Bei der Stimmenauszählung hatten sich am Mittwoch leichte Vorteile für den Herausforderer Joe Biden abgezeichnet. Insgesamt schnitt der 74 Jahre alte Trump jedoch deutlich besser ab als nach den Umfragen erwartet. Der drei Jahre ältere Biden verfehlte den von den Demokraten erhofften klaren Wahlsieg und musste sich unter anderem in Florida und Texas dem republikanischen Präsidenten geschlagen geben. Gespannt wurde die Auszählung in mehreren Staaten im Mittleren Westen und im Süden verfolgt. Am Abend MEZ meldeten Medien einen wichtigen Sieg Bidens in Wisconsin. Im hart umkämpften Industriestaat Pennsylvania lag Trump vorn, allerdings war dort ein Großteil der Briefwählerstimmen noch nicht ausgezählt. Der US-Präsident wird nicht direkt von den Bürgern gewählt, sondern von Wahlleuten. Für den Einzug ins Weiße Haus sind 270 Stimmen nötig.

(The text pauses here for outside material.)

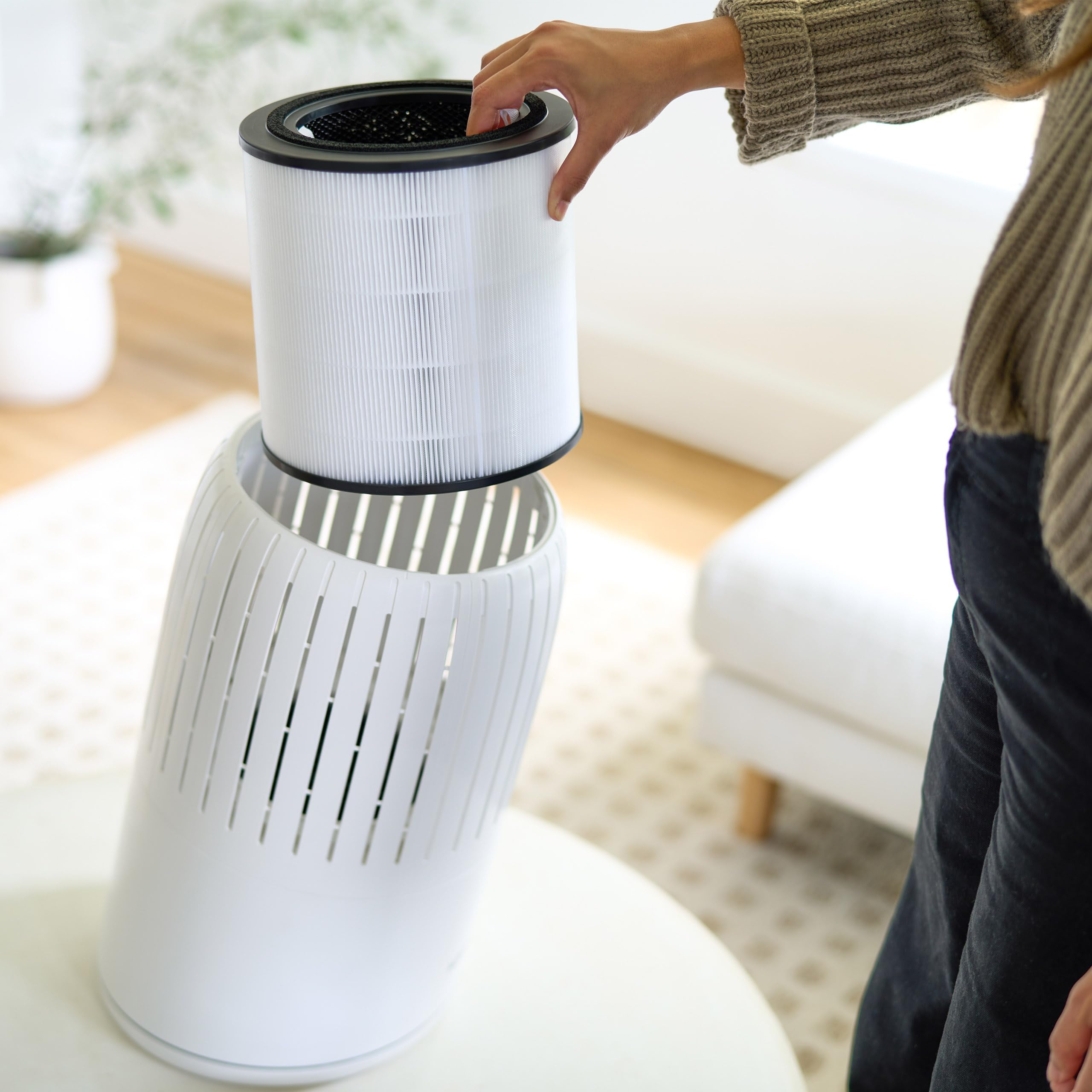 Una mano inserisce un filtro dell'aria bianco in un apparecchio bianco.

„Offen gesagt, wir haben diese Wahl gewonnen“, sagte Trump im Weißen Haus, obwohl der Ausgang der Wahl noch völlig unklar war. Der Amtsinhaber sprach von angeblichem „Betrug an der Nation“bei der Wahl. „Wir werden vor den Supreme Court ziehen. Wir wollen, dass alles Wählen endet.“Später legte Trump nach, auf Twitter prangerte er ein angebliches „Verschwinden“republikanischer Wählerstimmen an.
In Deutschland riefen die Reaktionen des Präsidenten auf das knappe Zwischenergebnis Empörung hervor. Politiker aus Koalition und Opposition warfen Trump einen Angriff auf die Demokratie vor. Verteidigungsministerin Annegret KrampKarrenbauer (CDU) nannte die unklare Situation „sehr explosiv“und sprach von einer „Schlacht um die Legitimität des Ergebnisses“.
Agnieszka Brugger aus Ravensburg, stellvertretende Fraktionsvorsitzende der Grünen im Bundestag, sagte der „Schwäbischen Zeitung“, mit seinem Verhalten trete Trump die Grundprinzipien der Demokratie mit Füßen. „Gerade jetzt braucht es mehr denn je eine Europäische Union, die sich für Demokratie, Menschenrechte und internationale Zusammenarbeit einsetzt“, so Brugger weiter.
Die Bundesregierung wollte sich angesichts des ungewissen Ergebnisses zunächst nicht zur Wahl äußern. Der CDU-Außenexperte Roderich Kiesewetter sagte hingegen im Interview mit der „Schwäbischen Zeitung“: „Ich baue nun auf die Gewaltenteilung in den USA, die ,Checks and Balances’. Aber klar ist auch: Vor uns liegen turbulente Wochen.“
Das befürchten auch Ökonomen. Das Institut der deutschen Wirtschaft (IW) erklärte, eine länger andauernde Unsicherheit oder Auseinandersetzungen über die Legitimität der Wahl, würden ein Führungsvakuum in den USA schaffen, das für die US- und die Weltwirtschaft kritische Folgen hätte.
Weniger ungewiss sieht die Lage bei den gleichzeitigen Kongresswahlen aus, im Repräsentantenhaus konnten die Demokraten Prognosen zufolge ihre Mehrheit verteidigen, erlitten aber einen schweren Dämpfer im Kampf um den Senat.